[Opening Provided records section]
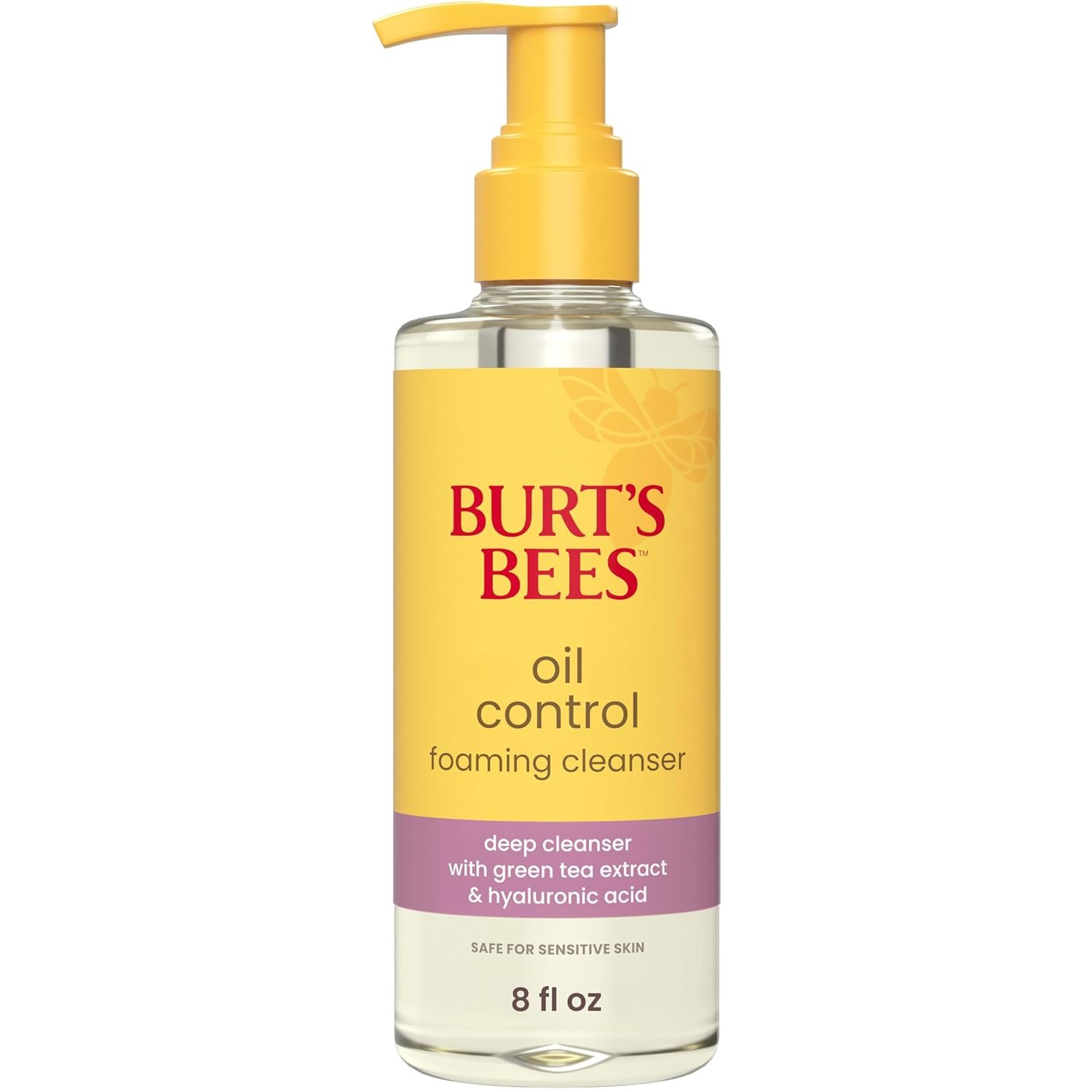 Burt’s Bees Oil Control Foaming Cleanser; For Oily Skin; Safe for Sensitive Skin; Deeply Cleanses, Includes Green Tea Extract and Hyaluronic Acid; 8 Fl. Oz.
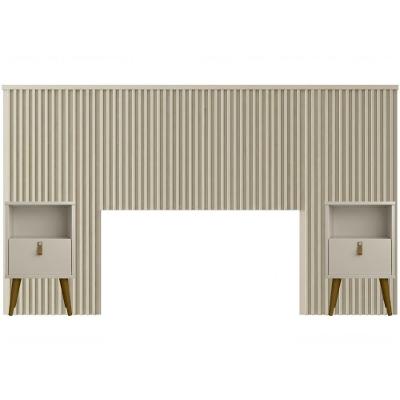 Cabeceira Ripada Casal Queen E Mesa Retrô Off White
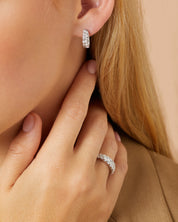 White gold ear jewelry, 0.99 CT Diamond, Caviar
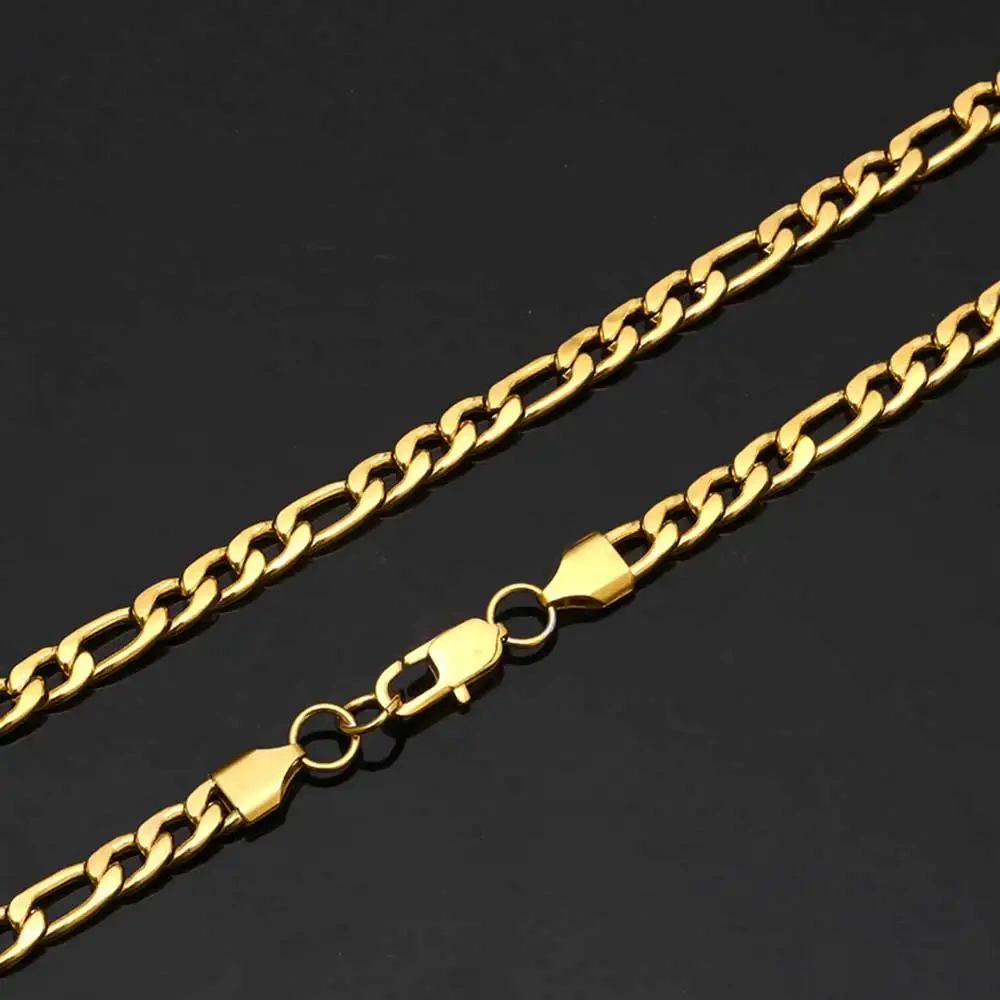Hip Hop Fashion Wholesale 3/5mm Cuban Link Necklace Jewelry Stainless Steel Figaro Chain Men Drop shipping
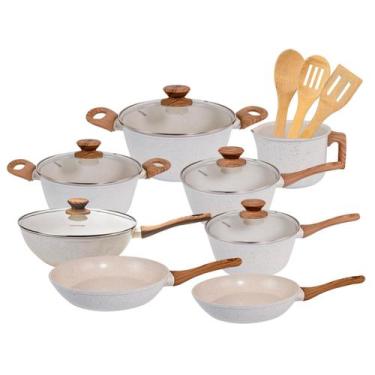 Imagem de Jogo de Panelas Antiaderente Cerâmico Fogão Indução Kit 11 Peças Cook 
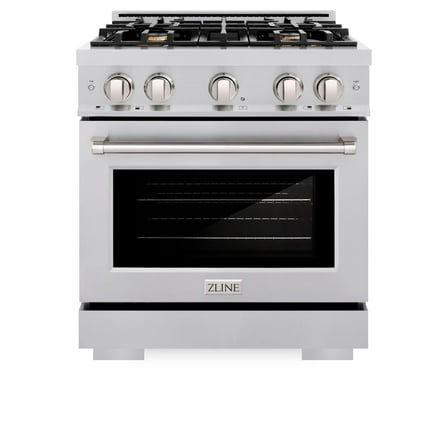 ZLINE 30 in. 4.2 cu. ft. Gas Range with Convection Gas Oven in Stainless Steel with 4 Brass Burners (HGR-BR-30)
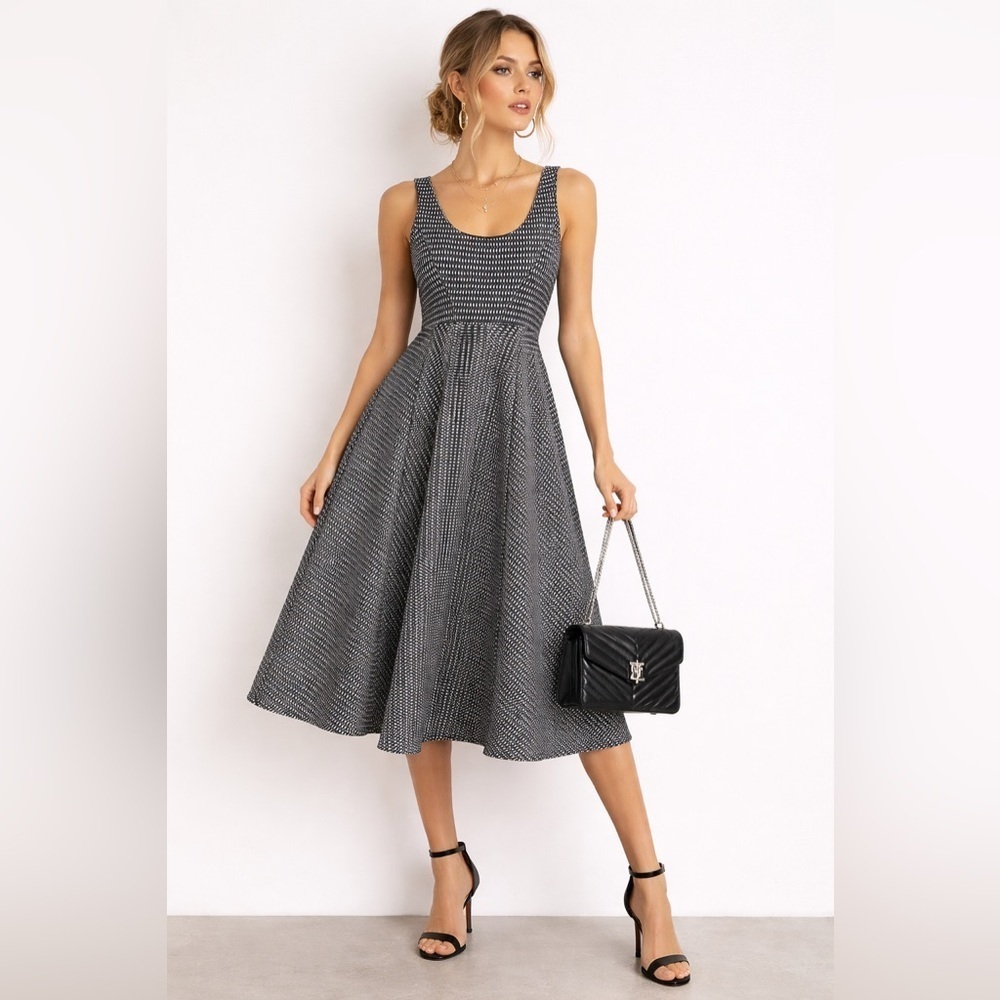 Milly Textured Fit Flare Midi Dress Lattice Mesh Black White Structured Size 12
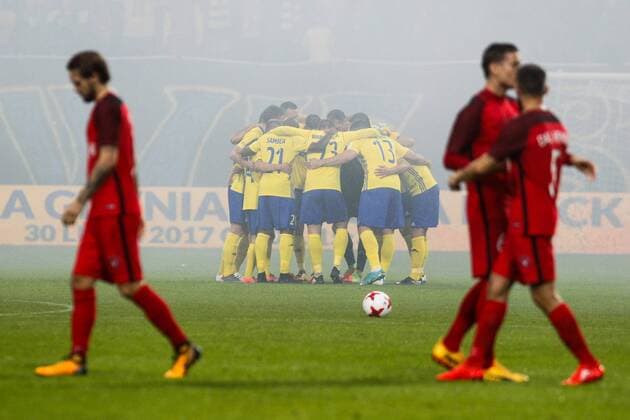 Gdynia, Stadion Miejski Gdynia Stadium 27.07.2017 LIGA EUROPY PILKA NOZNA 3 RUNDA ELIMINACJI LIGI EUROPY PIERWSZY MECZ Arka Gdynia - FC Midtjylland 2017 18 UEFA EUROPA LEAGUE FOOTBALL THIRD QUALIFYING ROUND 1ST LEG GAME Arka Gdynia - FC Midtjylland NZ team druzyna , FOT. GRZEGORZ RADTKE 058sport.pl NEWSPIX.PL --- Newspix.pl FRANCE OUT!  20170727_GR_7376_003_RAD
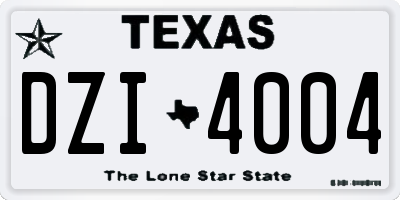 TX license plate DZI4004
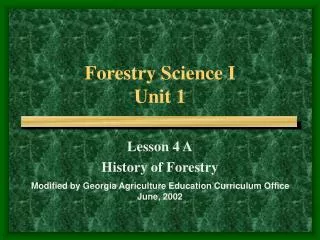 Forestry Science I Unit 1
[Closing Provided records section]
> Work order:
What is needed is an exact repetition of every line from the line with "TX license plate DZI4004" to the end of the data above, both ends included, with no pictures.

> Response area:
 TX license plate DZI4004
 Forestry Science I Unit 1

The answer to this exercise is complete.